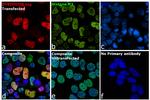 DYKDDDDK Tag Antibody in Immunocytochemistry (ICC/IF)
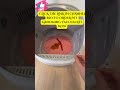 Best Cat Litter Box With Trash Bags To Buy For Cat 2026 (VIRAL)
※ ※ ※
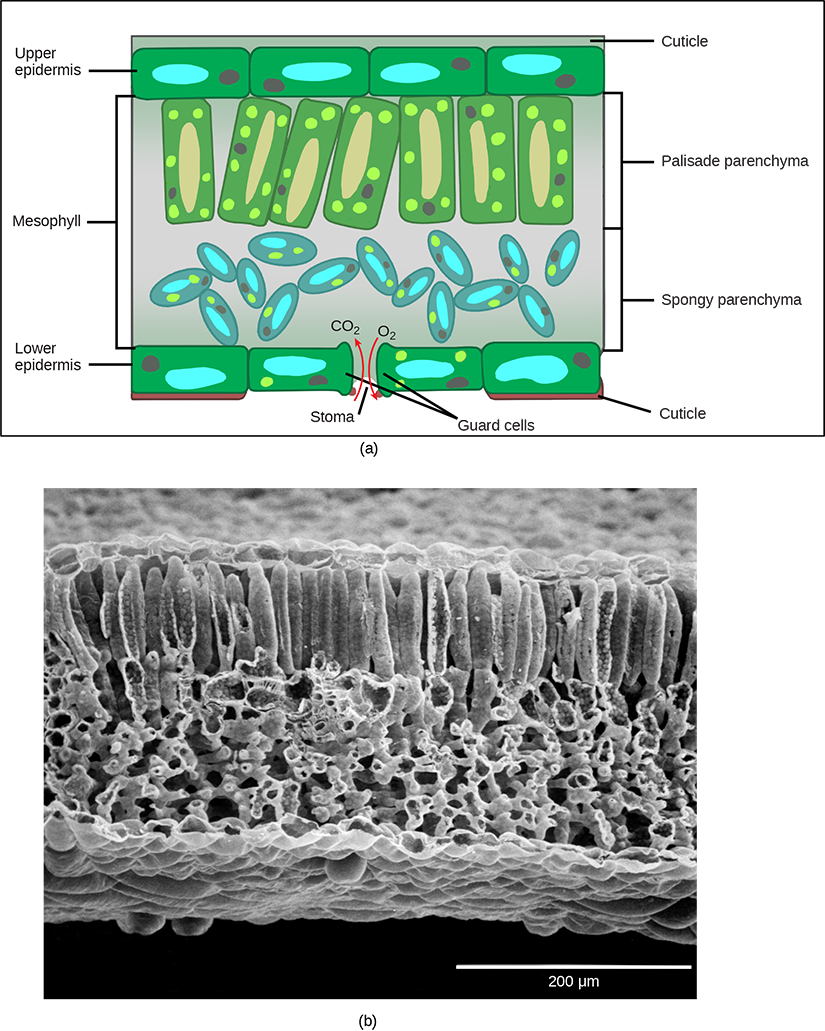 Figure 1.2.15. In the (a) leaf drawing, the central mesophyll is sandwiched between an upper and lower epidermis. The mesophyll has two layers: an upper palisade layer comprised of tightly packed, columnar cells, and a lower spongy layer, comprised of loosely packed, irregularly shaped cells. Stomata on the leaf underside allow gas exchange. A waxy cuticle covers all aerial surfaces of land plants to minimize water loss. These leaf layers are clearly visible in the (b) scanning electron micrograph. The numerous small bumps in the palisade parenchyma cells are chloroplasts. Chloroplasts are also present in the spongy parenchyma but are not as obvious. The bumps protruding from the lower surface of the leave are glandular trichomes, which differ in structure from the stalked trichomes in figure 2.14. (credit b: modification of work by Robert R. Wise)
※ ※ ※
• **WHAT TO DO**:
Nothing except the lines from the one containing "DYKDDDDK Tag Antibody" through the one containing "Best Cat Litter" should appear in the answer, exactly as above and without pictures.

• **ANSWER TO THIS TASK**:
 DYKDDDDK Tag Antibody in Immunocytochemistry (ICC/IF)
 Best Cat Litter Box With Trash Bags To Buy For Cat 2026 (VIRAL)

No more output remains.